### INFORMATION GIVEN
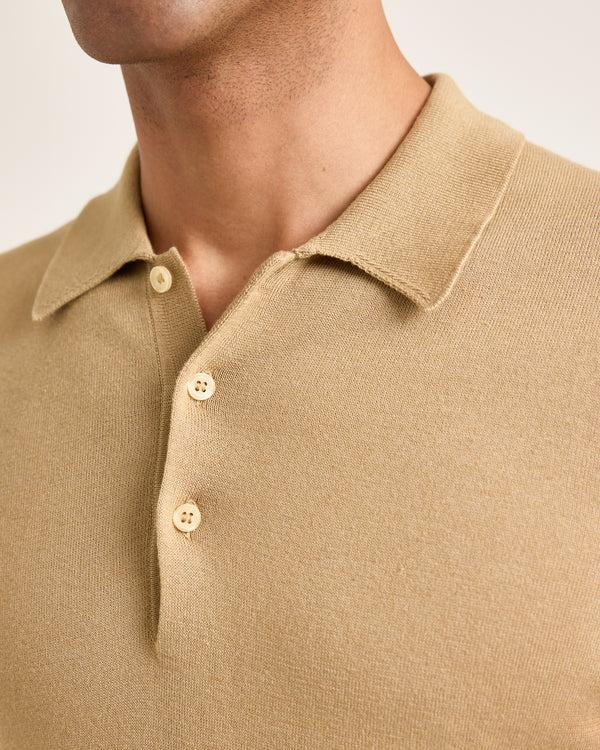 Orlebar Brown Beige Polo Shirt | Luxury Cotton Cashmere Blend – ORLEBAR BROWN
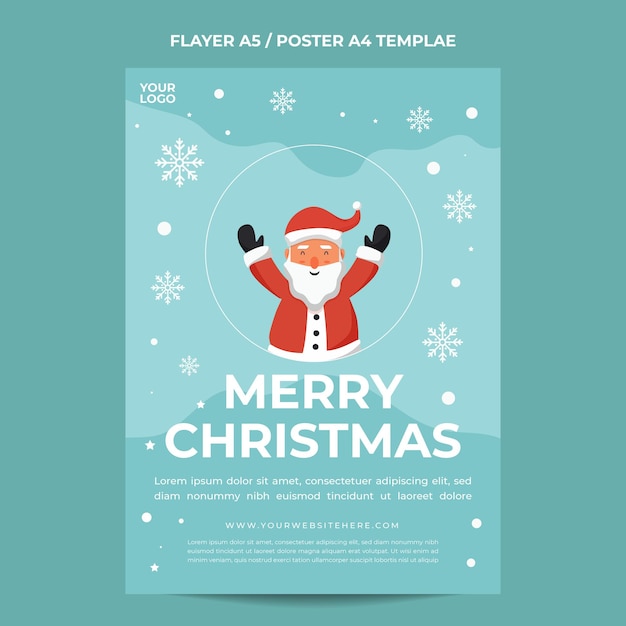 Simple Santa Claus print template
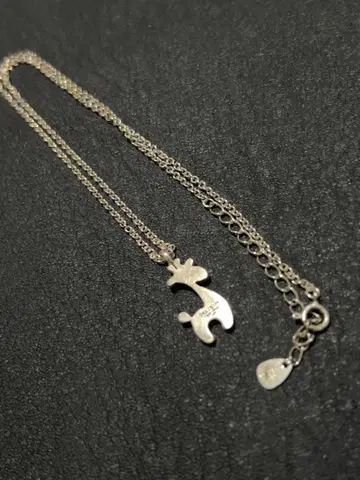 DEEPS 144 프랑스제 기린 목걸이 925 약 5g 나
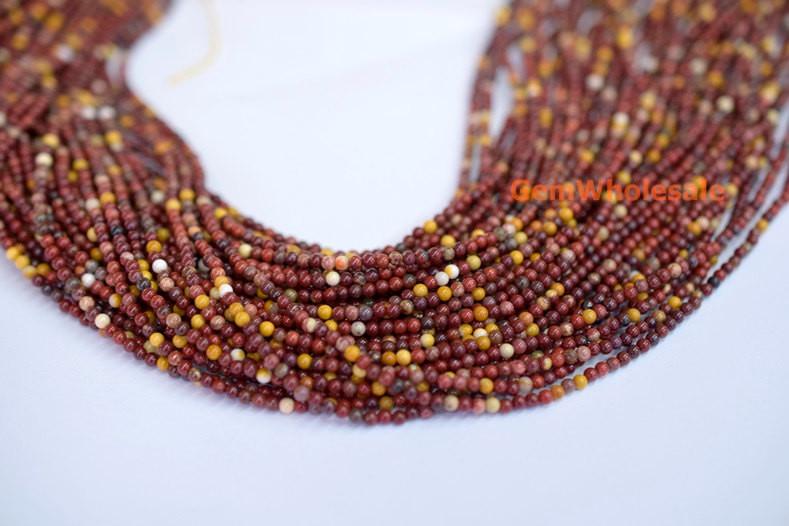 Moukaite,Mookaite - Round- beads supplier
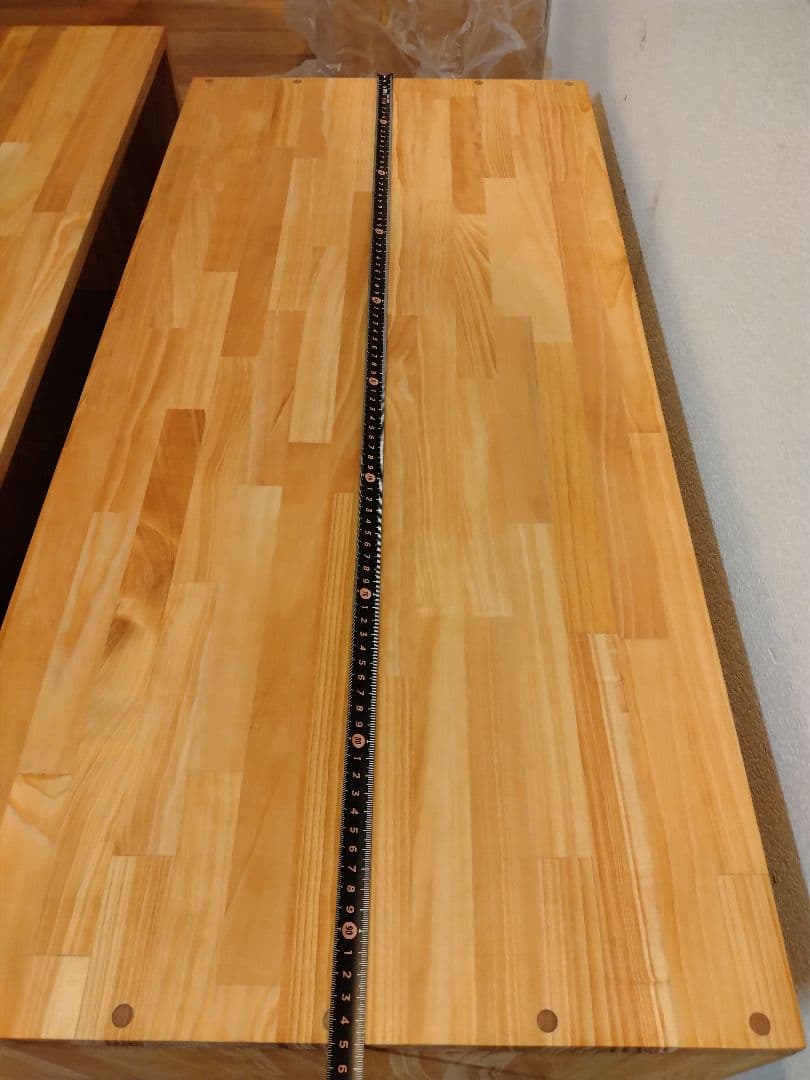 木製　ハンドメイド　オーダー　コの字　テーブル　サイドテーブルラック　カウンター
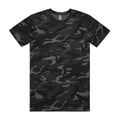 AS COLOUR - 5001C STAPLE TEE Black Camo SML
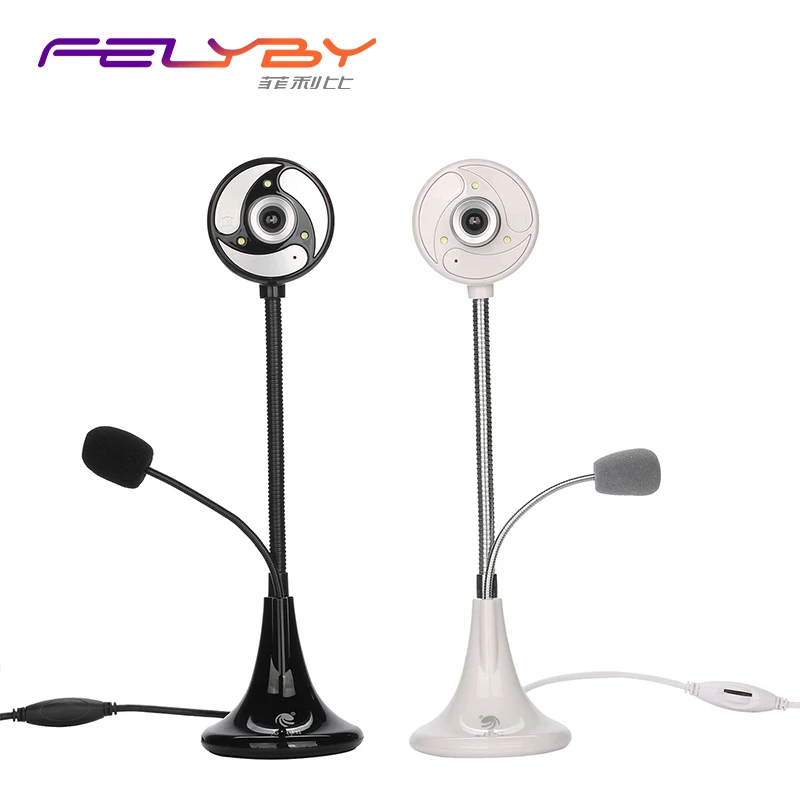 

FELYBY S40 USB Web Camera can bend any angle freely computer camera with3 LED lights and 16M pixels Built-in microphone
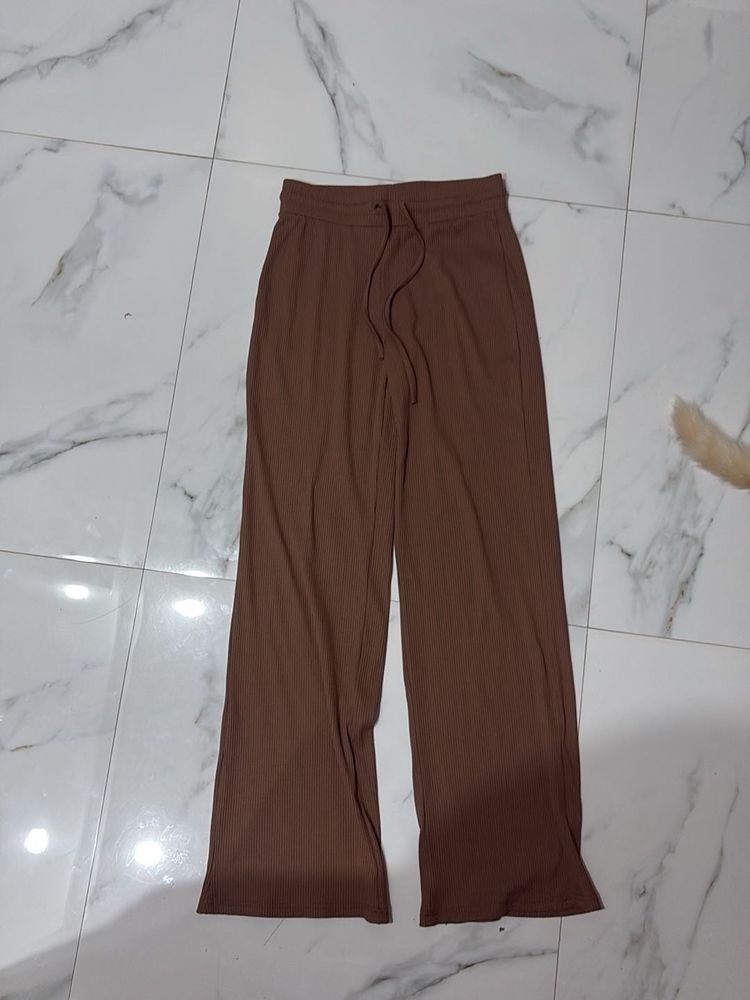 Brown Wide Leg Lounge Pants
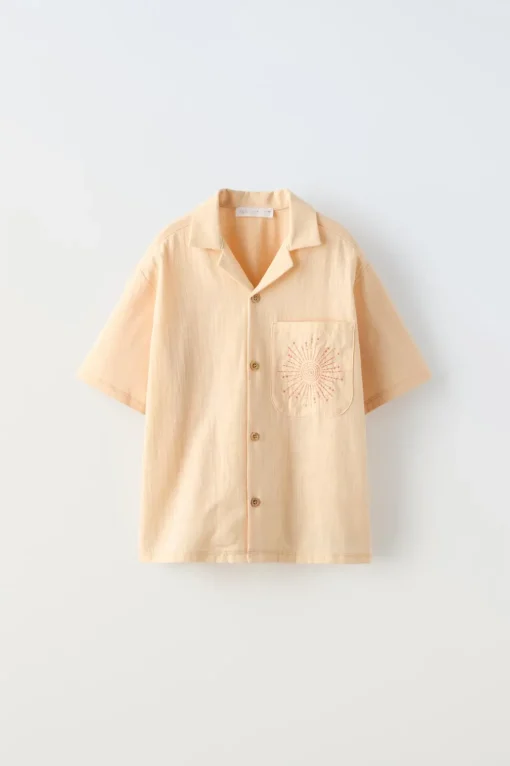 CAMISA BORDADO SOL
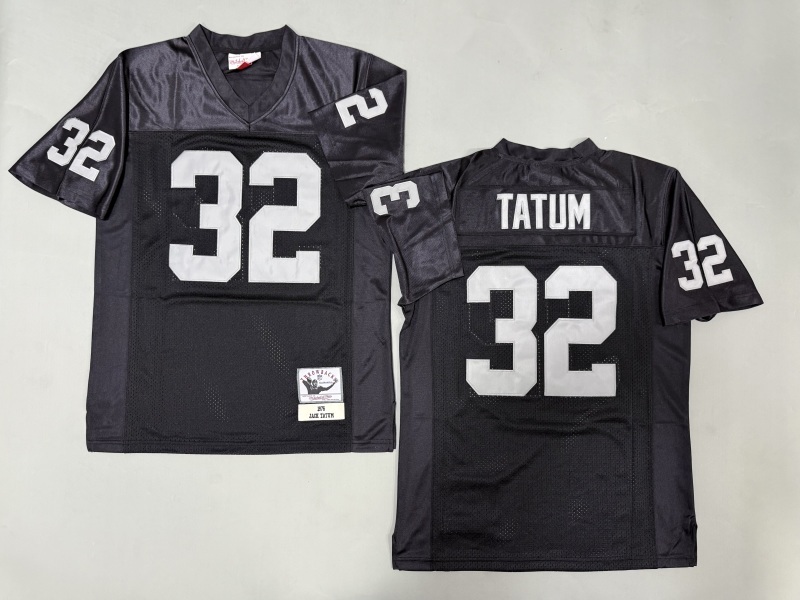 Men 2025 Nike Oakland Raiders #32 Allen black Throwback Limited NFL Jersey style 001->oakland raiders->NFL Jersey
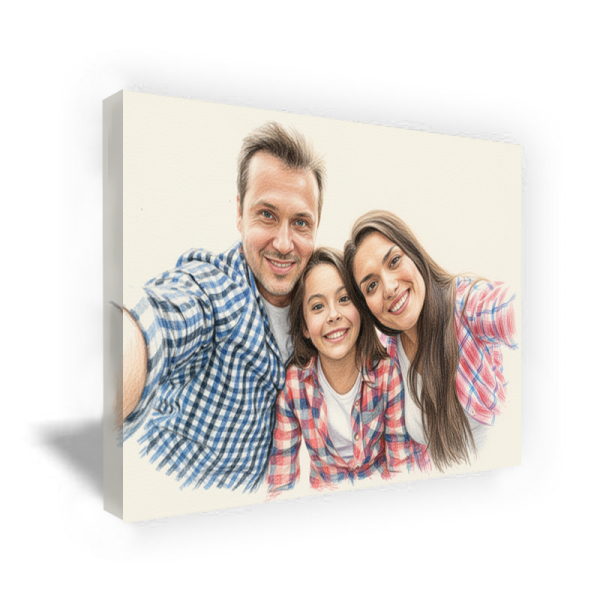 Portret in kleurpotloodstijl op basis van een foto Portret in kleurpotloodstijl op basis van een foto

### WORK ORDER
Omit all pictures and write out, exactly, only the lines from the line containing "Brown Wide Leg Lounge Pants" through the last line of the entries above.

### EXERCISE SOLUTION
 Brown Wide Leg Lounge Pants
 CAMISA BORDADO SOL
 Men 2025 Nike Oakland Raiders #32 Allen black Throwback Limited NFL Jersey style 001->oakland raiders->NFL Jersey
 Portret in kleurpotloodstijl op basis van een foto Portret in kleurpotloodstijl op basis van een foto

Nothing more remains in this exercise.